En ce printemps 2014 les rapports fleurissent sur le(s) Kurdistan(s) : deux pour le Rojava, un pour le Başûr :
D'abord, l’ONG Reporters sans Frontière publie un rapport en ligne sur leur site, intitulé :
où l’ONG se dit «  particulièrement inquiète de la nette dégradation de la situation de la liberté de l’information dans les territoires contrôlés par le Parti de l’Union démocratique (PYD). L’organisation est consciente des problèmes de sécurité dans cette région alors que le conflit s’enlise en Syrie et que les mouvements djihadistes menacent les populations civiles. Toutefois, en tant qu’autorité en charge de contrôler cette partie du territoire syrien, il est de la responsabilité du PYD d’y faire respecter les libertés fondamentales, parmi lesquelles la liberté d’information. »
Reporters sans Frontière estime notamment que l’ « Union des média libres » qui veut contrôler « les médias qui souhaitent travailler au Rojava […] ressemble à n’en pas douter à l’instauration d’une sorte de ministère de l’Information. Par ailleurs, l’organisation a recensé un nombre croissant d’exactions à l’encontre des acteurs syriens de l’information, principalement de la part des Asayesh (forces de sécurité) et les YPG (Unités de défense du peuple, ie, la branche armée du Comité suprême kurde, accusées d’être la branche armée du PYD).
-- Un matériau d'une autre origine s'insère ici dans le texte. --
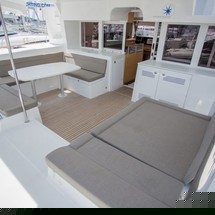 Lagoon 450 F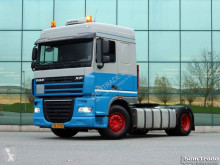 Tracteur DAF FT XF105.460 occasion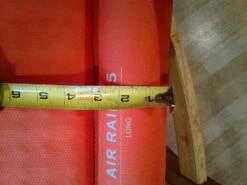 REI AirRail 1.5 Self-Inflating Pad -Sierra Designs Shop 20181104 154127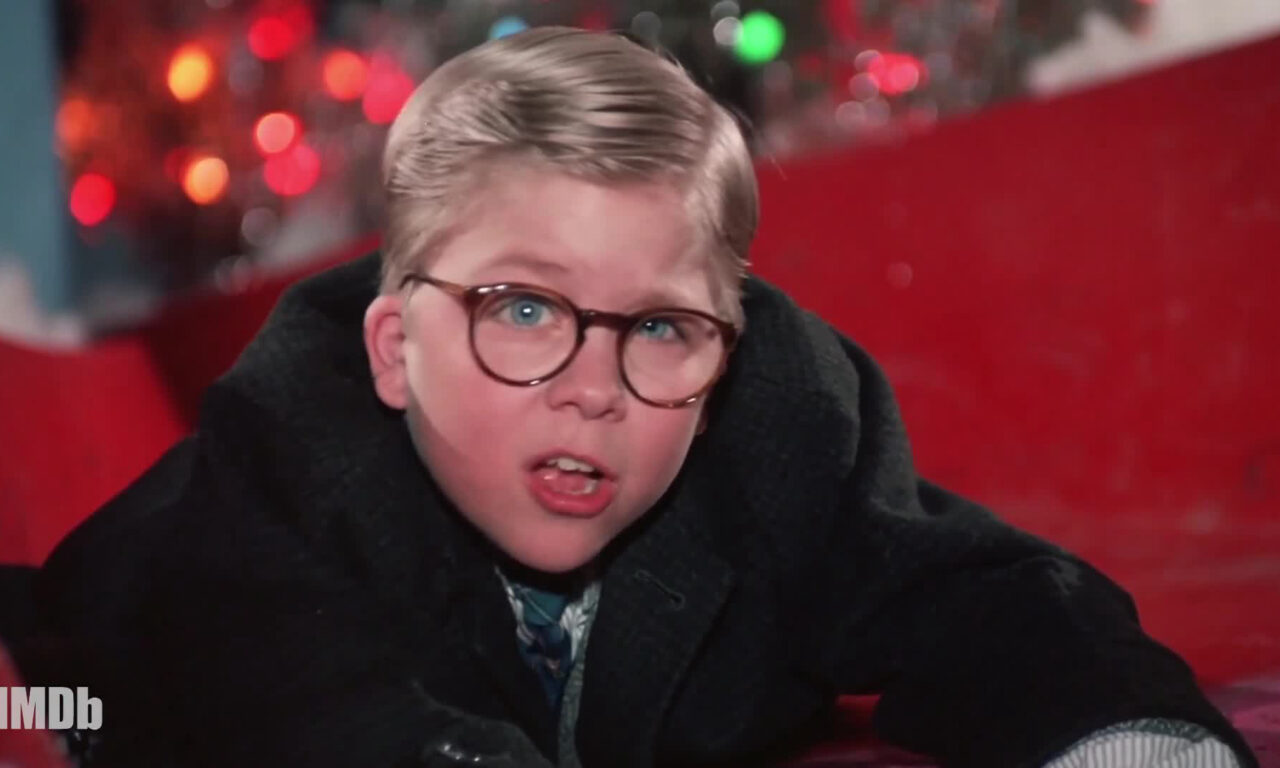 Xem phim Chuyện Giáng Sinh  - A Christmas Story (1983)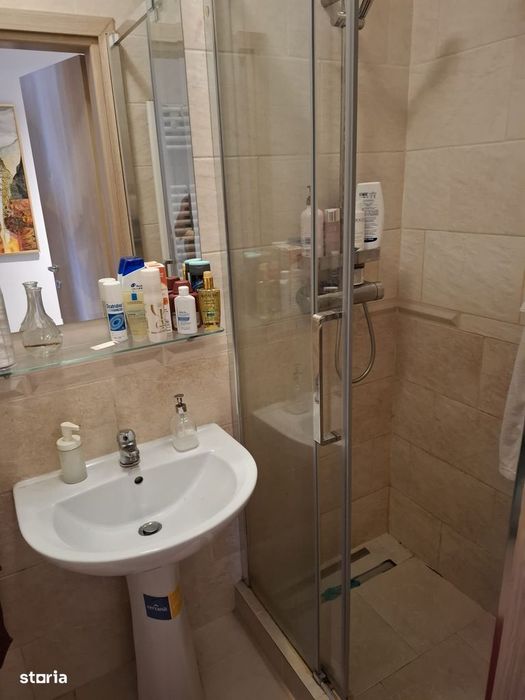 apartament 3 camere decomandat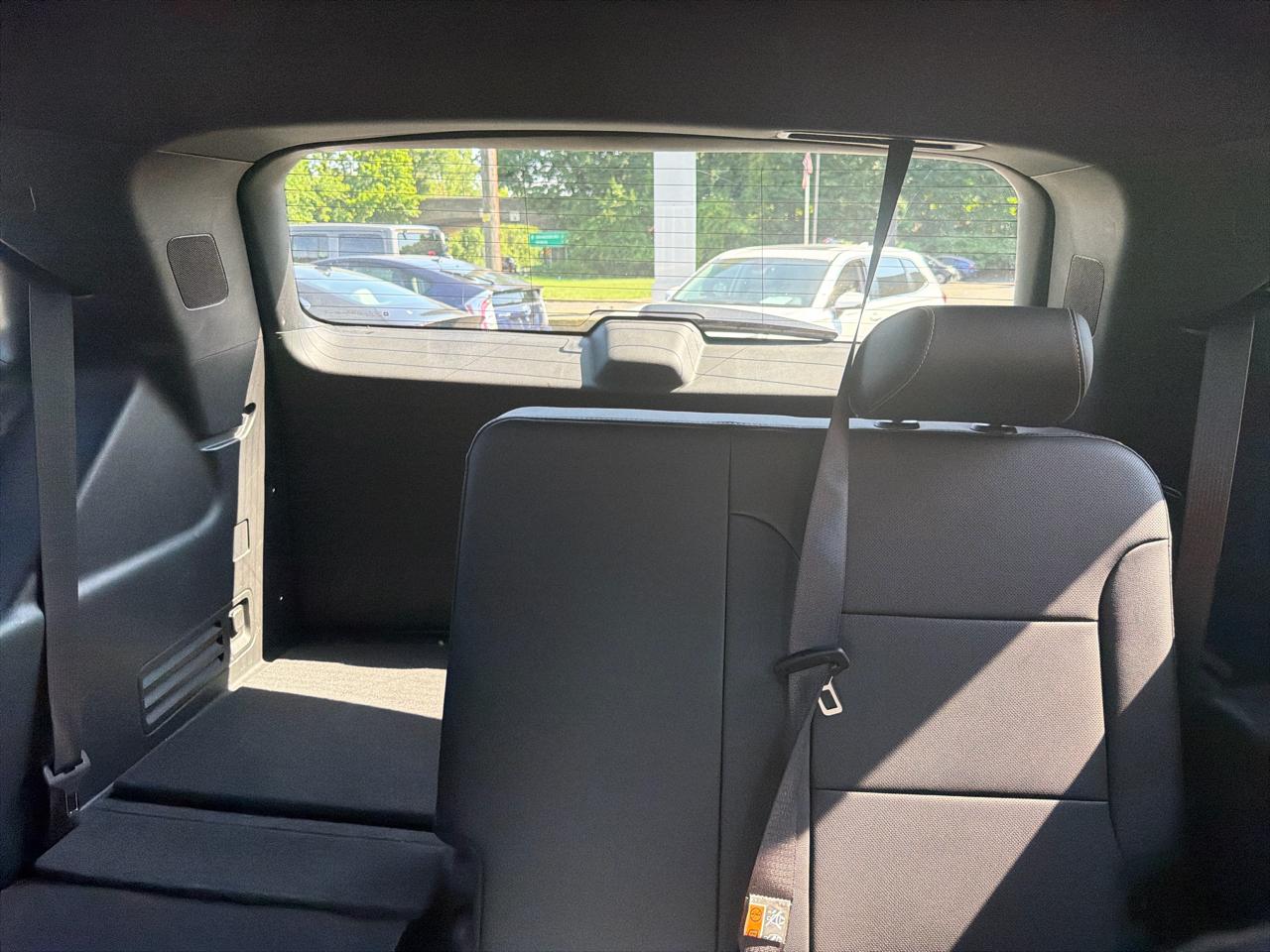 Chevrolet Traverse AWD 4dr Premier 2023
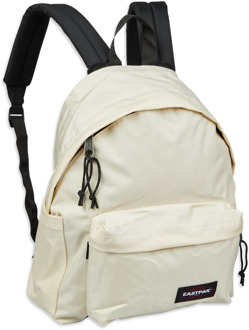 Eastpak Backpack - Unisex Tassen Beige - One Size
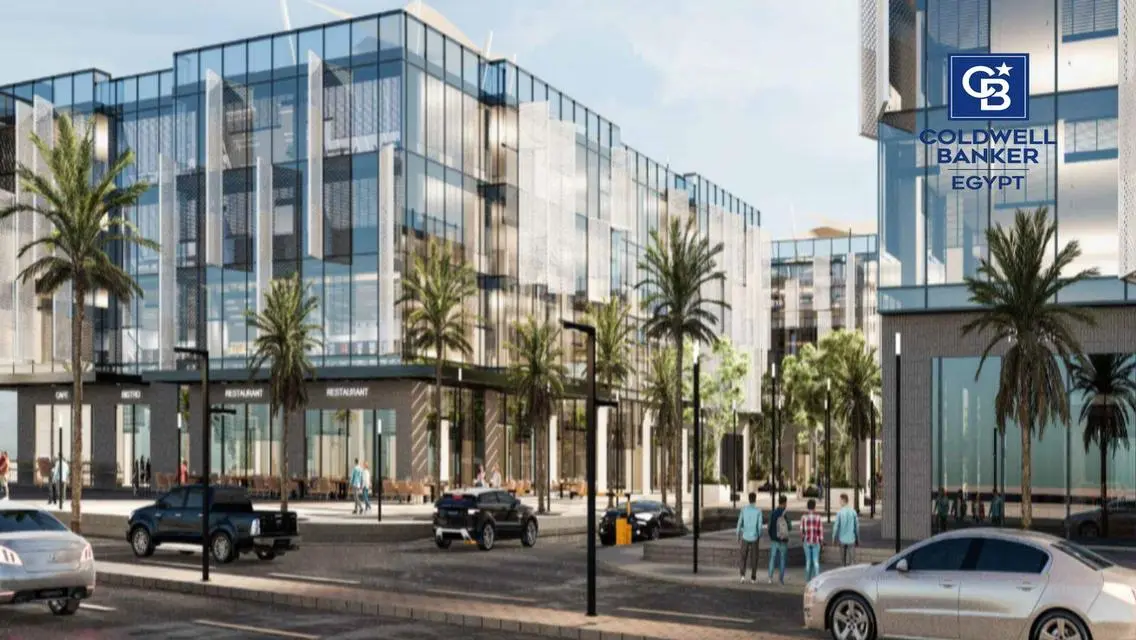 Office Prime Location  View plaza At Golden gate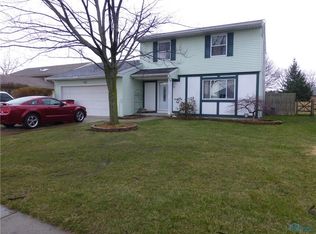 2630 Coveview Dr, Toledo, OH 43611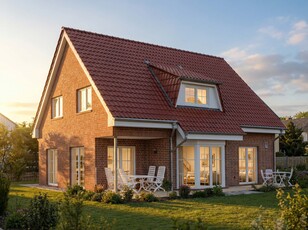 NURDA Referenzen Landhaus 08 - Haus bauen in Hannover NURDA Referenzen Landhaus 08 - Haus bauen in Hannover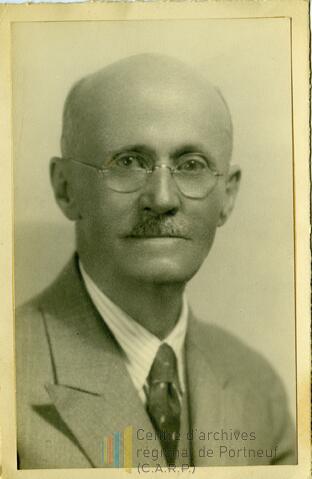 Original Document numérique not accessible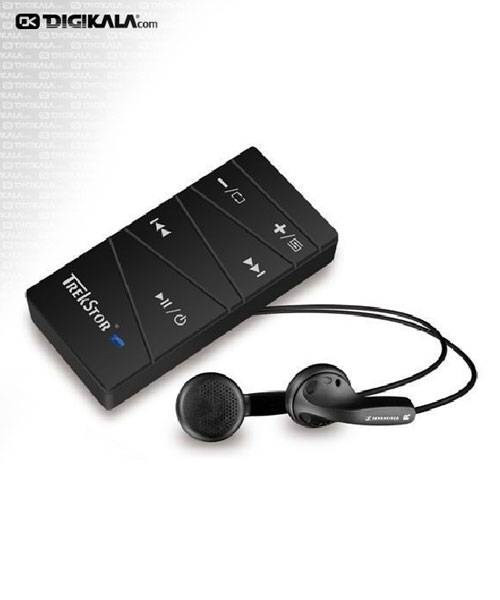 ترکستور آی بیت ران 4 گیگابایت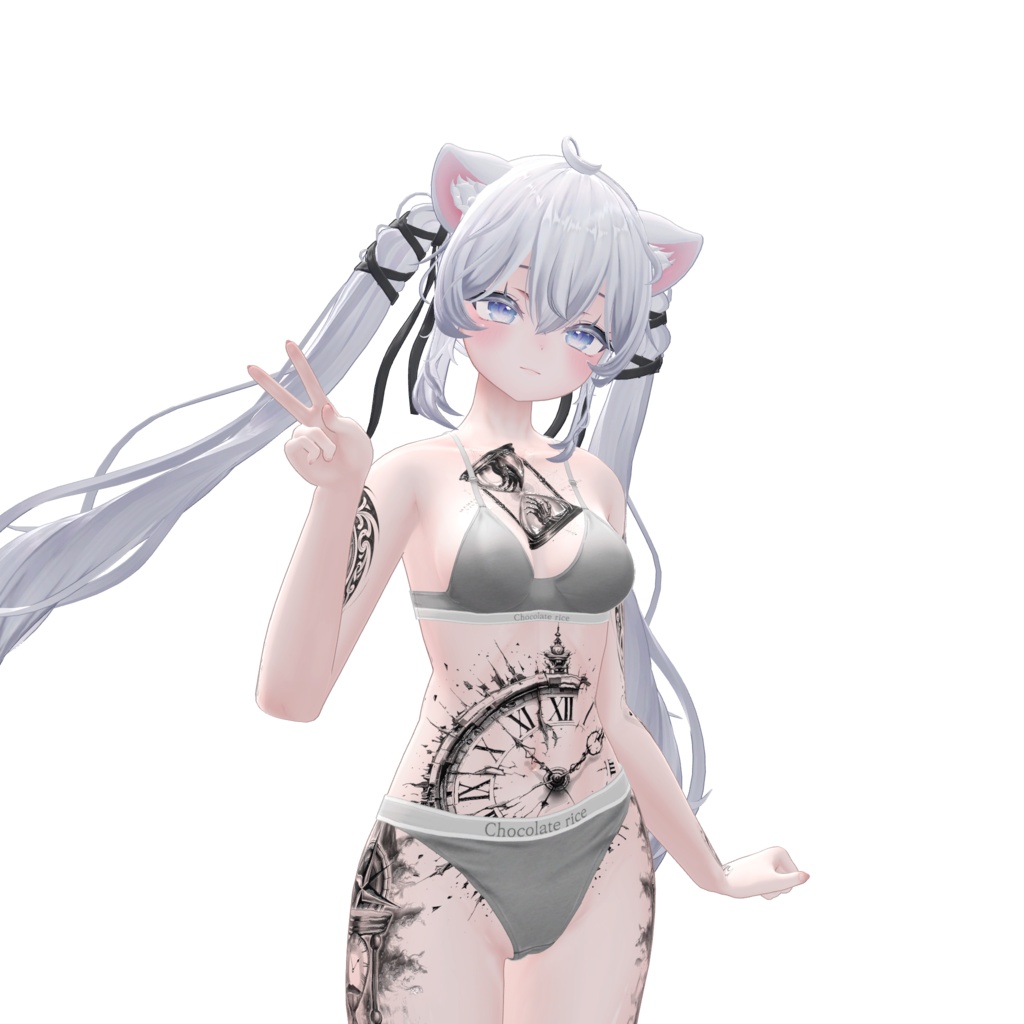 ( 永遠の欠片 ) Fragments of Eternity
Déjà en novembre 2013, dans le rapport “Le journalisme en Syrie une mission impossible”, RSF avait déjà recensé un certain nombre d’exactions (pages 9 et 10 du rapport).

Se fondant sur des témoignages de journalistes kurdes venus couvrir les événements de Syrie pour des organes de presse comme Rudaw ou Zagros TV, RSF dénonce le fait que «  le PYD et ses sbires n’hésitent pas à arrêter, voire enlever, les acteurs de l’information un peu trop critiques, afin de les réduire eux au silence et intimider les autres. » Les journalistes ne seraient d’ailleurs pas les seules victimes de la politique coercitive du PYD, puisque « un certain nombre de cas de voix dissidentes de la société civile, [ont été] expulsées vers le Kurdistan irakien […] De nombreux acteurs de l’information ont ainsi pris la voie de l’exil, fuyant la pression et les menaces du PYD. »

Toujours au sujet du Rojava mais cette fois-ci explorant le champ du politique et de la stratégie militaire, un rapport de l'International Crisis Group doute de la viabilité du projet d'autonomie du PYD et du soutien réel des Kurdes de Syrie à ce parti ainsi qu'à ses milices, les YPG.





Middle East Report N°151 | 8 May 2014 

Traduction du résumé : (le rapport complet est à lire en ligne ou à télécharger ci-dessus)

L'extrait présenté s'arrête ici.